> Exercise requirements
Copy out each line below verbatim, skipping any picture.

<<<<

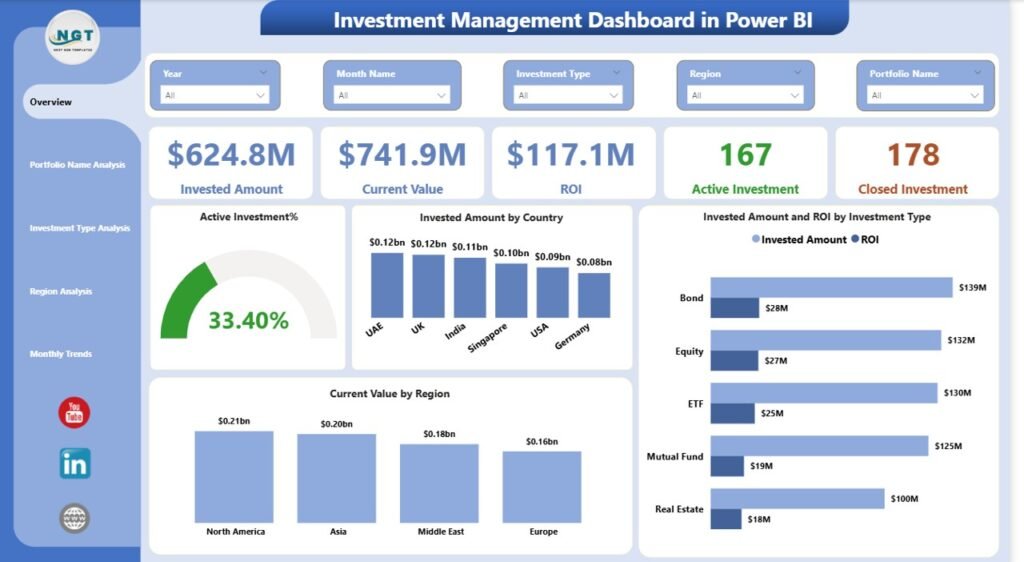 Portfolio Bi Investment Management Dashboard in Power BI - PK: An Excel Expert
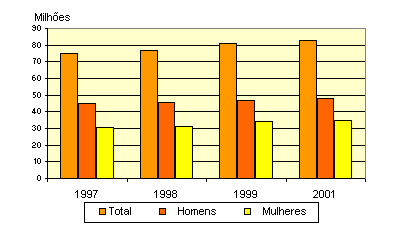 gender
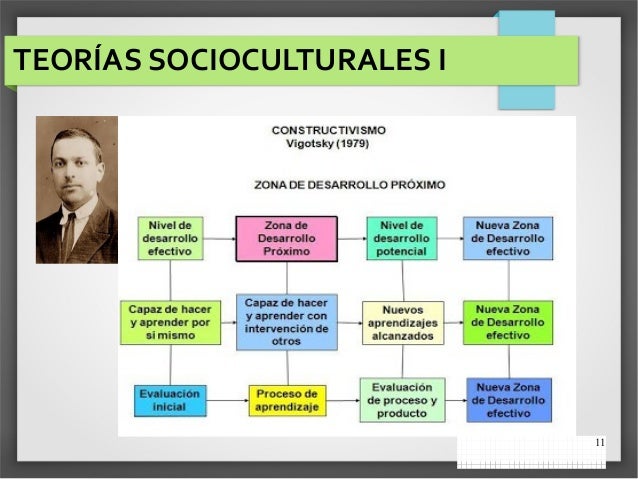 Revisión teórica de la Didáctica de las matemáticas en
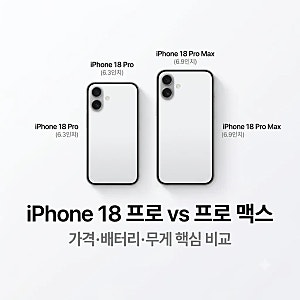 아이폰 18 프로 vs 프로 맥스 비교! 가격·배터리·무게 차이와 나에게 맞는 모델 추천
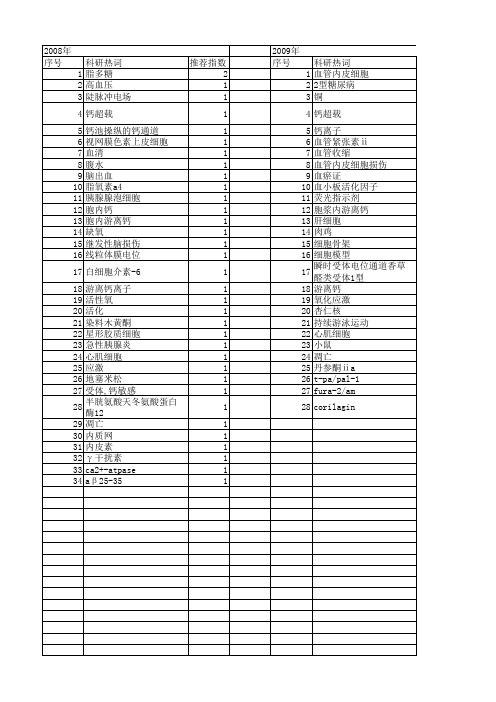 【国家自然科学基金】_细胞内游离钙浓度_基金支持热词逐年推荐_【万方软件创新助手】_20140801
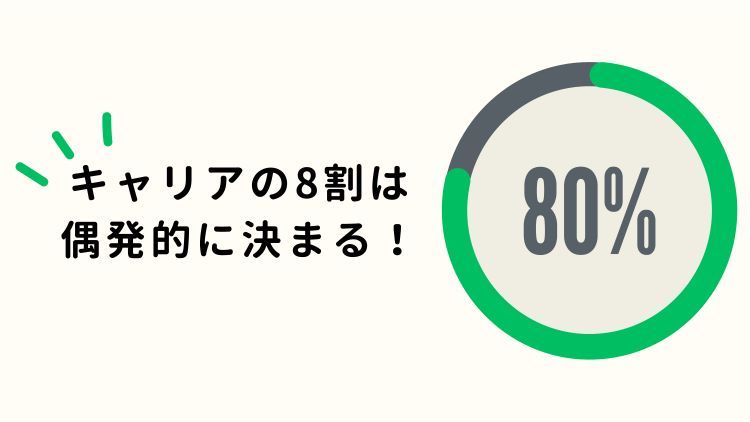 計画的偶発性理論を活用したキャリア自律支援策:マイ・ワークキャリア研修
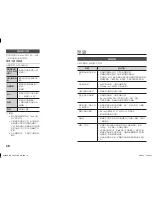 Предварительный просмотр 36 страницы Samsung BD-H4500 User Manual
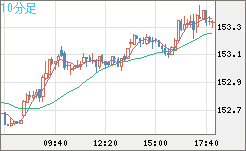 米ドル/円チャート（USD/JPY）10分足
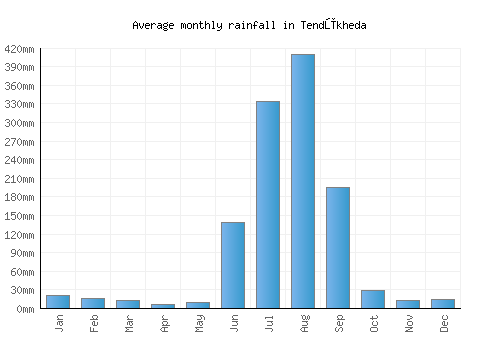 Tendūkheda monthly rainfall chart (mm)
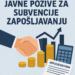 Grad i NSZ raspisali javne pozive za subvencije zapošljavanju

>>>>

> Solution to this problem
 Portfolio Bi Investment Management Dashboard in Power BI - PK: An Excel Expert
 gender
 Revisión teórica de la Didáctica de las matemáticas en
 아이폰 18 프로 vs 프로 맥스 비교! 가격·배터리·무게 차이와 나에게 맞는 모델 추천
 【国家自然科学基金】_细胞内游离钙浓度_基金支持热词逐年推荐_【万方软件创新助手】_20140801
 計画的偶発性理論を活用したキャリア自律支援策:マイ・ワークキャリア研修
 Предварительный просмотр 36 страницы Samsung BD-H4500 User Manual
 米ドル/円チャート（USD/JPY）10分足
 Tendūkheda monthly rainfall chart (mm)
 Grad i NSZ raspisali javne pozive za subvencije zapošljavanju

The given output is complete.